There is a high price to pay for living as a Jew. One must be holy so as to be acceptable. One is commanded to surpass civilization so as to be adequate. Our existence is neither desired nor easily accepted. God has positioned us in history in a most curious way. To be a Jew is either utterly inconvenient or the most exalted merit man can ever attain. There is no middle road. Our choice is either our undoing or our blessing. We are the most challenged people on earth. We are superfluous, or we are indispensable. It is either extremely tragic or exceptionally joyous to be a Jew. There is no in-between.
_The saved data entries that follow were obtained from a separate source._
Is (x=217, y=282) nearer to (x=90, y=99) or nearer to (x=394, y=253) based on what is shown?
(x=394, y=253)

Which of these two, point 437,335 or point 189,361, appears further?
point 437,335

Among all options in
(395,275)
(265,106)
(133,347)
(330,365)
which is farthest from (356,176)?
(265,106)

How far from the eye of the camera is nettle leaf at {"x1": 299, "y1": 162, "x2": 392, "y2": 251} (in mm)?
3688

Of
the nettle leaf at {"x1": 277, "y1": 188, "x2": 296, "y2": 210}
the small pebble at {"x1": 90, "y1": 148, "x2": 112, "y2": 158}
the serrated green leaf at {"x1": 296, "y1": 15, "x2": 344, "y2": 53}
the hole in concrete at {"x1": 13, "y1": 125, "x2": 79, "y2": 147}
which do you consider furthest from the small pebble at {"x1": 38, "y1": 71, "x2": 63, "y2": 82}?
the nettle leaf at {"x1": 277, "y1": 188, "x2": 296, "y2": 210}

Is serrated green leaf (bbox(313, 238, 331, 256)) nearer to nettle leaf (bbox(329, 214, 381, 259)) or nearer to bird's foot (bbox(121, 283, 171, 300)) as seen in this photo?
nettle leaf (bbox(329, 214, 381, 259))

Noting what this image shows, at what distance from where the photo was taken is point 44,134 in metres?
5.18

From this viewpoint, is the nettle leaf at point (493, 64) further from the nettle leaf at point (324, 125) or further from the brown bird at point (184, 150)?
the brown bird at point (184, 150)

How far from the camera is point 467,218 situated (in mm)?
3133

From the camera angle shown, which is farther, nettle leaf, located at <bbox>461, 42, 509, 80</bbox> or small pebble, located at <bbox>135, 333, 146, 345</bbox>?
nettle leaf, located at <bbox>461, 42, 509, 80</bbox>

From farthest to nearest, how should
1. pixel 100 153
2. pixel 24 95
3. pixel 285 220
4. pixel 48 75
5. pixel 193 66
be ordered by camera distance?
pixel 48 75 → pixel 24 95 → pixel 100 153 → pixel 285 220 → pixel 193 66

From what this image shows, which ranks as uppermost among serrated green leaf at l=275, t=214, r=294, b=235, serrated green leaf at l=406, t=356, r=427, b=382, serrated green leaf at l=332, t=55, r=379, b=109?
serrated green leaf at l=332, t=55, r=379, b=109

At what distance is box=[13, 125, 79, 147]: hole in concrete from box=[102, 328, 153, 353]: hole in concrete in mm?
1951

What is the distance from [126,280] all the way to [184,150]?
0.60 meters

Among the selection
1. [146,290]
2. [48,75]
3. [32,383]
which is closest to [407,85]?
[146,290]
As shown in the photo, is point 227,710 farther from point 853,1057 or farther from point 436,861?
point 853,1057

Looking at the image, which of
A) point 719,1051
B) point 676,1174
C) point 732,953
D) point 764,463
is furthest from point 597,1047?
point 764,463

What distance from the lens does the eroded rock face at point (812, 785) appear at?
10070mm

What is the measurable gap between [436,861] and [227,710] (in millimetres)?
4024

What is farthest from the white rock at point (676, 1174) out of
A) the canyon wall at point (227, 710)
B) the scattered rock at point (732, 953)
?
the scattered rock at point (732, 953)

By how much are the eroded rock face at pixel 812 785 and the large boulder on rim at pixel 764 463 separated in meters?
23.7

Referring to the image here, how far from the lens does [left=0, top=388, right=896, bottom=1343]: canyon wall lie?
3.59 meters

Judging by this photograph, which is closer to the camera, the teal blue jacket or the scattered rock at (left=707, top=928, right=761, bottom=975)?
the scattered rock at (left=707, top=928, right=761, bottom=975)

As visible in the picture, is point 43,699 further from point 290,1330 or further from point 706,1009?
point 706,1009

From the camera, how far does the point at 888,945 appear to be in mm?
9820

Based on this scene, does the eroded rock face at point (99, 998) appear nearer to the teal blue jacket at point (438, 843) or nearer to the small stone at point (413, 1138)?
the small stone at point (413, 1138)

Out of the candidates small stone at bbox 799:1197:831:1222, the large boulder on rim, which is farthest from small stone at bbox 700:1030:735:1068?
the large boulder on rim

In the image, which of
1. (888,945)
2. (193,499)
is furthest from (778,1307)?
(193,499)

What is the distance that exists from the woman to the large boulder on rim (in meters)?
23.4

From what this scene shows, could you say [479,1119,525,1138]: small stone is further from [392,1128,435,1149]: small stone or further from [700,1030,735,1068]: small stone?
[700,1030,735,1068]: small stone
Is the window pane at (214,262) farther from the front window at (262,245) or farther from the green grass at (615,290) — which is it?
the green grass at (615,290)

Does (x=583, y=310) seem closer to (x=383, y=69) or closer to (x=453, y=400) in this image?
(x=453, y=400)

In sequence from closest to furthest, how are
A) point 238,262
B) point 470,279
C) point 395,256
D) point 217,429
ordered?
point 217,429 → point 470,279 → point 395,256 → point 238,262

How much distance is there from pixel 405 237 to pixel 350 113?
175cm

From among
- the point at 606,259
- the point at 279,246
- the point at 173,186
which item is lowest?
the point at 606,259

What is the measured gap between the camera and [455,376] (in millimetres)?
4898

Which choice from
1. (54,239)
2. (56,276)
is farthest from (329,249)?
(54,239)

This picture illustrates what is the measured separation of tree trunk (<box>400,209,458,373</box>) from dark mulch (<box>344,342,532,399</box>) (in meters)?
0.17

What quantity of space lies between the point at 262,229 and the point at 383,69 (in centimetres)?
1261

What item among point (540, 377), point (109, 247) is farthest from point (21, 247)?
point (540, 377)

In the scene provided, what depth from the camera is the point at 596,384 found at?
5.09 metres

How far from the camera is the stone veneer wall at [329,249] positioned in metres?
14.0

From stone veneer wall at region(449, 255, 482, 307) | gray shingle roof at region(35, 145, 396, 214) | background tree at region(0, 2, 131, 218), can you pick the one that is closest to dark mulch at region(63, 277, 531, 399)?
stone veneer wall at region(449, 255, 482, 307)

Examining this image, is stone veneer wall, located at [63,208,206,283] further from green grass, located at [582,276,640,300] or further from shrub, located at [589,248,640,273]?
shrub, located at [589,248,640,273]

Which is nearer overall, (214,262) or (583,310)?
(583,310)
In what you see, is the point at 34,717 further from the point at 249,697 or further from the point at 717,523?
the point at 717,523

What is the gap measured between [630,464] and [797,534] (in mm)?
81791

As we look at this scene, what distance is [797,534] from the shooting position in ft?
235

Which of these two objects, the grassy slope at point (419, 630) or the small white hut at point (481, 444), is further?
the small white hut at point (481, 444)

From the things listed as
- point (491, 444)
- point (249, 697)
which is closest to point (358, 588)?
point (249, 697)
We have recently entered an age in which we convince ourselves that we should be average and that holiness is no longer to be our trademark. We are obsessed with the dream to “normalize” ourselves so as to obtain a ticket into the world community. And now that we have “arrived” and got our way, there are far too many times when we embarrass ourselves in the eyes of the world and our own people. Of late, an Israeli, ultra-Orthodox former government minister and Knesset member has decided to run again for office after having been imprisoned on charges of financial corruption. That a very influential former Chief Rabbi of Israel, one of the greatest halachic authorities, has not only given his approval to this move but has encouraged it is extremely painful. We had hoped that this Chief Rabbi—who in the past had the courage to free many agunoth (2) whose husbands went to war and were later reported missing in action, and who has shown great independence in his decisions—would have the moral fiber to stop this politician from running for any office and tell him to go home and live with his shame. Alas, the reverse has happened. In addition to so many other aberrations within some divisions of the religious community, Judaism’s integrity has lately been violated in the eyes of many Israelis and in front of the world community. This is nothing less than a global desecration of God’s name. With it we have sold out on our most sacred commodity: being a light unto the nations. We were summoned to be God’s witness in the world, and we have made ourselves trivial.
True, it is only a few religious Jews who are the perpetrators. But we are all guilty, especially we who call ourselves religious. We forgot to fight for righteousness, for justice, for holiness in the name of the Torah; and now we must fight against sacrilege, against injustice and against evil.
This is a time when our leaders, rabbis and heads of yeshivoth are challenged as never before. They will have to instill in the hearts of their students and followers one overwhelming and all-encompassing mission: to clear God’s name, fortify the great ethical message of Judaism, and inspire Jews to make a lifelong commitment to the sanctification of His name. We must convince them and ourselves to live a life of holiness in which even the trivial becomes sanctified. This is now the most important task of every yeshivah and Jewish day school. If we do not fulfill this duty, our teaching Torah and Talmud becomes a farce.
We have to learn that it is an embarrassment to perpetrate even the lowest level of corruption while living in the presence of God. Without this awareness, we can no longer call ourselves Jews, the children of Avraham, Yitschak and Ya’acov. We have no right to serve God, pray, or study Torah, when our integrity is no longer our trademark, our passion for Him no longer our ultimate goal. We Jews are messengers, but we have forgotten the message. It is our obligation to rediscover it and advance it into eternity. We should not betray our pledge. Our task is to be more than human, more than good, and more than pious. Our task is to surpass all these and once more become God’s stake in the future.
Let us go to our homes, families, schools, businesses, yeshivoth, and look for every opportunity to sanctify God’s name, apply the highest standards of Judaism and radiate holiness. On land, at sea, and in the air, we should protest the corrupt politician’s comeback as a leader of a religious party, object to so many other indiscretions, and convince our people that we have not forgotten our holy mission. We must win this war; otherwise we lose our right to call ourselves Jews and instead become redundant.
The gravest sin for a Jew is to forget Whom he represents.
(1) A paraphrase of Abraham Joshua Heschel’s “The gravest sin for a Jew is to forget what he represents.” The Earth Is the Lord’s: The Inner World of the Jew in Eastern Europe (Woodstock, VT: Jewish Lights Publishing, 1995 edition) p. 109.
(2) The plural of agunah (chained, or anchored) – a halachic term for a Jewish woman who is “chained” to her marriage, either because her husband has deserted her or has disappeared, or because her husband refuses, or is unable, to grant her a get (official Jewish bill of divorce).